La querella habría sido -se ha dicho- presentada por la ciudadana y no por la Presidenta.
La distinción tendría un objetivo aparentemente razonable: poner de manifiesto que, frente a la maledicencia, ella está tan herida en su honra como lo estaría cualquier hijo de vecino. Ella no se sentiría dañada como Presidenta, sino como persona común y corriente, y en este último carácter habría recurrido a los tribunales.
Suena bien.
Pero no está bien.
Y no está bien por dos razones.
La más obvia es jurídica.
Como el cargo de Presidenta de la República y los deberes que impone son del máximo interés público, de ahí se sigue que quien ejerce ese cargo posee un umbral de protección frente al escrutinio de la prensa, o incluso la maledicencia de las personas, que es más débil que el que tiene un ciudadano común y corriente. Como cualquier abogado sabe, quien ejerce un cargo público está menos protegido frente a la prensa que un ciudadano.
Así, entonces, cuando la Presidenta pretende que su querella contra los periodistas es la de una simple ciudadana, aparece pretendiendo un umbral de protección mayor al que, en razón de su cargo, está sometida. Así, lo que pudo ser un gesto de sencillez -decir que no actúa como Presidenta, sino como ciudadana- acaba siendo, objetivamente, una estrategia de protección. Pero eso no es aceptable: la Presidenta no puede esgrimir (como lo hizo) su carácter de ciudadana cercana y empática para obtener el poder presidencial, y luego (como se la hace aparecer hoy) esgrimir ese mismo carácter para evitar las servidumbres que ese poder le impone.
La otra razón es política.
Al invocar una condición de mera ciudadana, la Presidenta hace un esfuerzo por reverdecer el atributo que ha caracterizado su vida pública: su espontánea capacidad de sintonizar con las audiencias, su comportamiento de persona de a pie, ese talante que justamente por no presumir de aura alguna, la tenía. Pero ese hechizo -como las encuestas lo ponen de manifiesto- se deshizo. Y se esfumó como consecuencia del mismo caso al que pertenecen las declaraciones que la enardecieron y por la publicación de las cuales ahora se querella. La situación entonces no puede ser peor.
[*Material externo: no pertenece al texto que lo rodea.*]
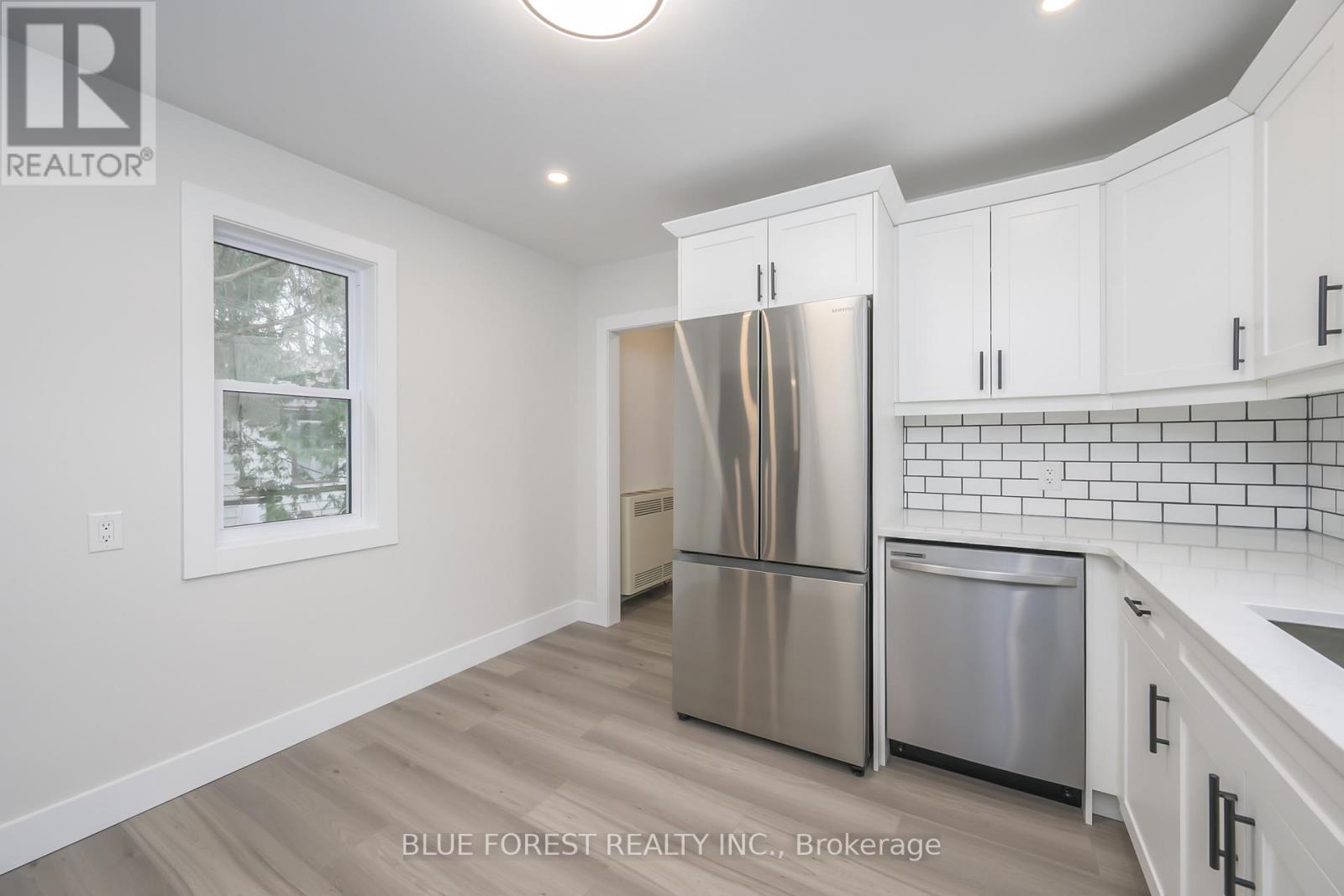 186 Victoria Street, Southwest Middlesex (Glencoe), ON - Indoor Photo Showing Kitchen With Stainless Steel Kitchen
La querella, en vez de apagar el fuego de Caval, lo sopla y lo atiza: mantiene en la esfera pública, a disposición de las audiencias y de la ciudadanía de a pie, impidiendo se le olvide o se desvanezca, el mismo caso que ha erosionado su prestigio y que con esta querella intentó absurdamente contener.
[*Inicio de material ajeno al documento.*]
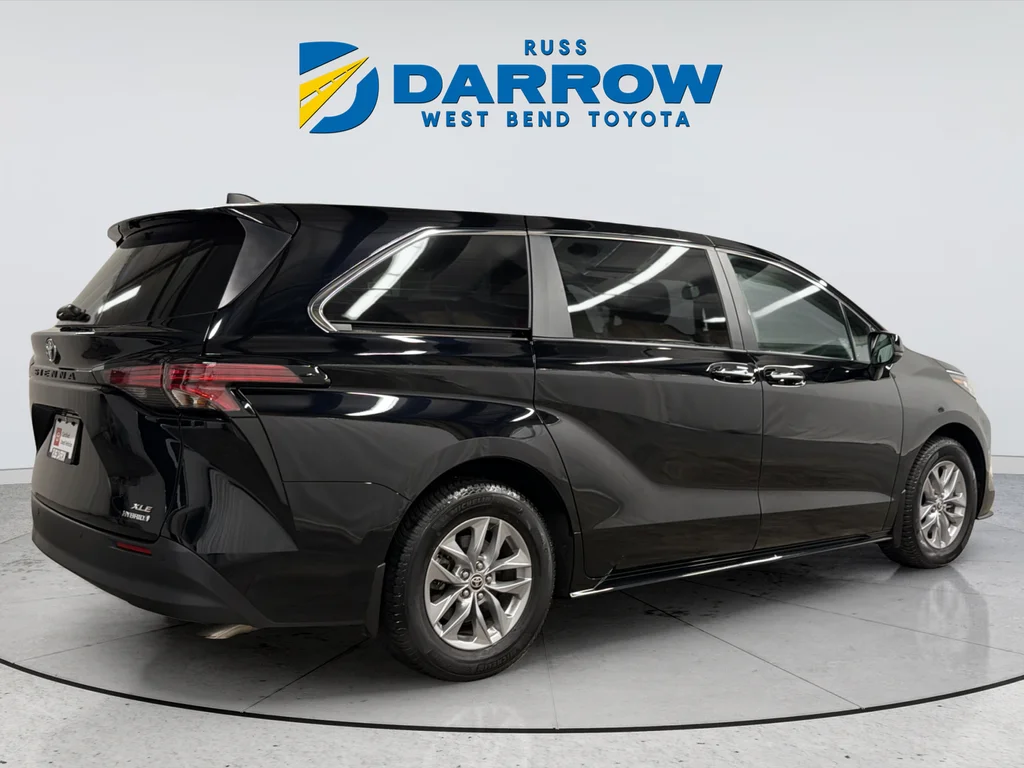 Used 2022 Black Toyota XLE image 5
Es difícil imaginar un asunto con peores pérdidas para todos los partícipes -los querellantes, los querellados, los testigos, las instituciones- que el caso que ahora se inicia.
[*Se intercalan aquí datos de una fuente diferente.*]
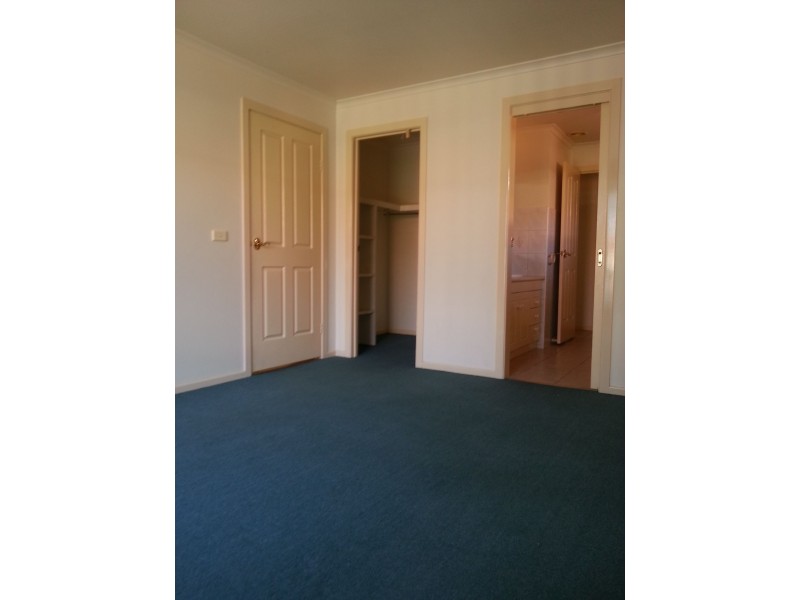 2/6 Portsmouth Place, Epping VIC 3076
Una Presidenta atada, mientras dure el proceso judicial, al caso que la atormenta ya más de un año; periodistas describiendo en estrados el proceso de edición y contribuyendo así a que se someta su oficio, hasta hace poco orgulloso, al escrutinio judicial; ministros testificando obligados -era que no- las emociones presidenciales; preferencias políticas y editoriales, código penal en la mano, revisadas por un juez; una querella contra periodistas interpuesta con el pretexto de proteger la verdadera libertad de expresión; Chile, en fin, expuesto ante la comunidad internacional, la Sociedad Interamericana de la Prensa y la Relatoría de la Libertad de Expresión, como un país alérgico a la libertad de prensa, dando pretextos fáciles para que se le compare tontamente con la Argentina de Kichner o el Ecuador de Correa.
No cabe duda.
La estrategia de la querella parece diseñada por un adversario de inteligencia enrevesada que se hubiera propuesto no sacar nunca a la Presidenta de esa arena movediza -el caso Caval- por la vía de convencerla de que está saliendo, mientras al mismo tiempo le sugiere hacer todo lo necesario para hundirse todavía más en ella.